We presented our final report on March 22 of last year. Three major themes underline many of the recommendations of our final report. The first is the need to clarify the objectives of Canadian telecom policy and regulation.

We proposed that the objectives of the current policies contained in the Telecommunications Act be clarified in order to emphasize three main objectives: first, promoting affordable access to advanced telecommunications in all regions of Canada; second, achieving certain specific and important social objectives such as access to telecommunications for persons with disabilities, improved public safety, protecting privacy and limiting public nuisance caused by telecommunications networks; and, third, improving the efficiency of telecommunications markets and the productivity of the Canadian economy.

The first of these objectives is not radically different from those traditionally pursued by Canadian regulators.

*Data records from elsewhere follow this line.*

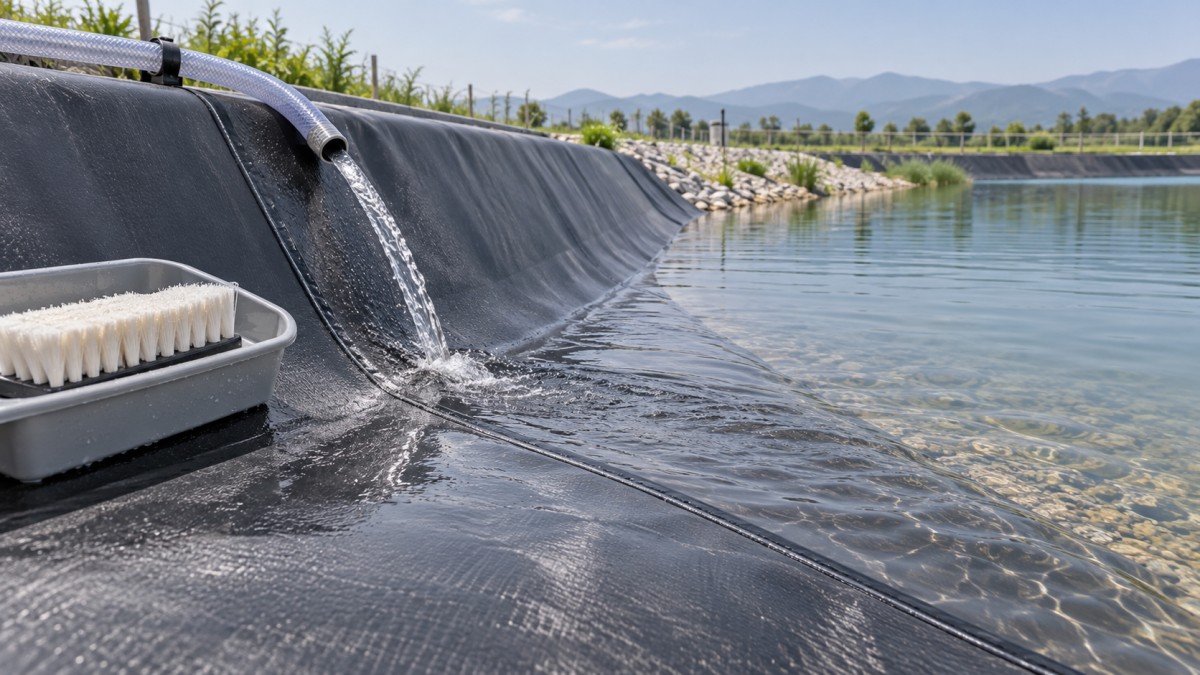 Cleaning geomembrane ponds without damaging the liner surface Cleaning geomembrane ponds without damaging the liner surface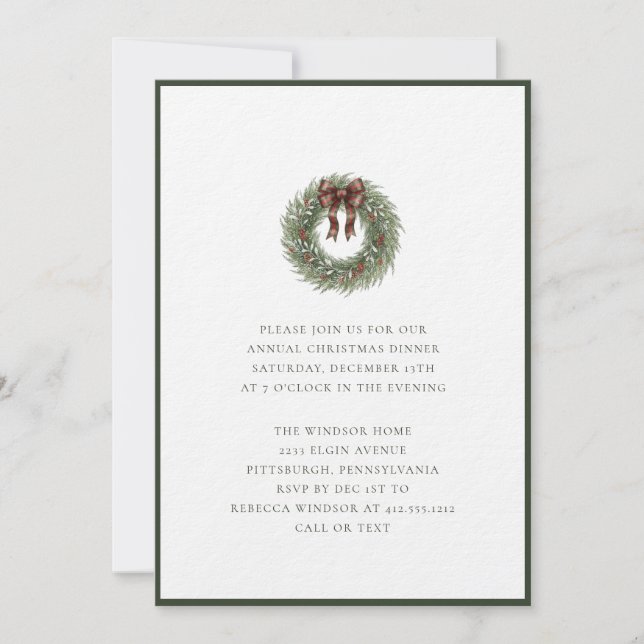 Eleganter Wasserfarben-Weihnachtskranz mit Karo-Sc Einladung (Vorderseite)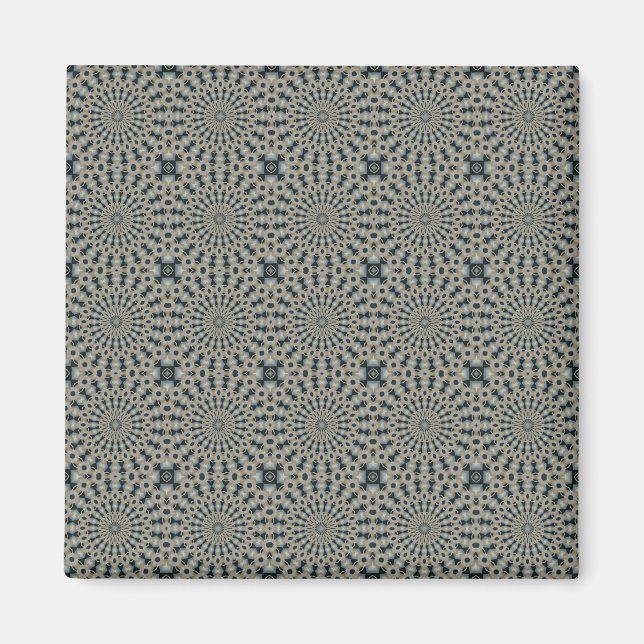 Imán Patrón de mosaico de círculo Verde azulado y gris (Frente)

Both relate to providing affordable access to telecommunications for Canadians. However, our report also suggests that more emphasis needs to be placed on a third set of objectives, those related to economic efficiency and productivity.

A second theme underlying our report is that telecom policy should rely on market forces as much as possible to achieve Canada's telecom policy objectives. Regulatory intervention should be reduced in areas where market forces can do the job as well or better.

A third theme of the report provides that where the market won't achieve important telecom policy objectives, then smarter and more targeted policy initiatives and regulatory intervention should be developed to achieve those objectives.

It has now been almost a year since the panel released its final report. The report has been well received in industry and policy circles as well as in the media. Most commentators have said that the recommendations were timely and consistent with Canadian needs, as well as with international trends and telecom policy and regulation.

The government has taken some significant first steps to implement the panel's recommendations. In particular, the government has issued a policy direction to the CRTC, as it is authorized to do under section 8 of the Telecommunications Act, requiring the commission to interpret the rather broad and sometimes conflicting objectives of that act in a more market-oriented way.

This policy direction is based on the one recommended by the panel, and it brings the Canadian government's expressed regulatory policy for the telecom sector more closely in line with that of our trading partners.

In addition, the government's orders in council on VOIP and forbearance are consistent with the panel's recommendations to rely more on market forces where those will achieve Canada's telecom policy goals, and to reduce regulatory intervention that interferes with the achievement of those goals.

Today's fixed local telecom access markets, including the VoIP market segment, are highly competitive, with a range of sophisticated and well-financed service providers vying to provide Canadians with among the highest quality and lowest priced services in the world. The new entrants to local telecom markets, including the Canadian cable industry, have demonstrated themselves to be first-class providers of advanced broadband and now VOIP services, who can easily hold their own against the incumbent telecom carriers such as Bell Canada and Telus.

The TPR panel recognized the reality that the CRTC, Industry Canada, and other government policy makers had worked hard to achieve for over two decades, namely, making Canada's telecom markets among the most competitive and dynamic in the world. Today our telecom suppliers are, in most market segments, producing the types of low-cost advanced services that we need to maintain and increase Canada's economic and social welfare.

The panel saw the shift towards a more market-oriented and less regulated local telecom sector as being essential for Canadians to take advantage of the potential that new telecom technologies offer. Today's markets are very dynamic, and the technologies and trends are increasingly global. It would be very risky for Canada to require or permit our regulators to devise regulatory approaches aimed at supporting one particular technology or one business model, and to handicap others in order to achieve a predetermined industry structure. Yet this was the effect of some of the CRTC's regulatory approaches over the past years.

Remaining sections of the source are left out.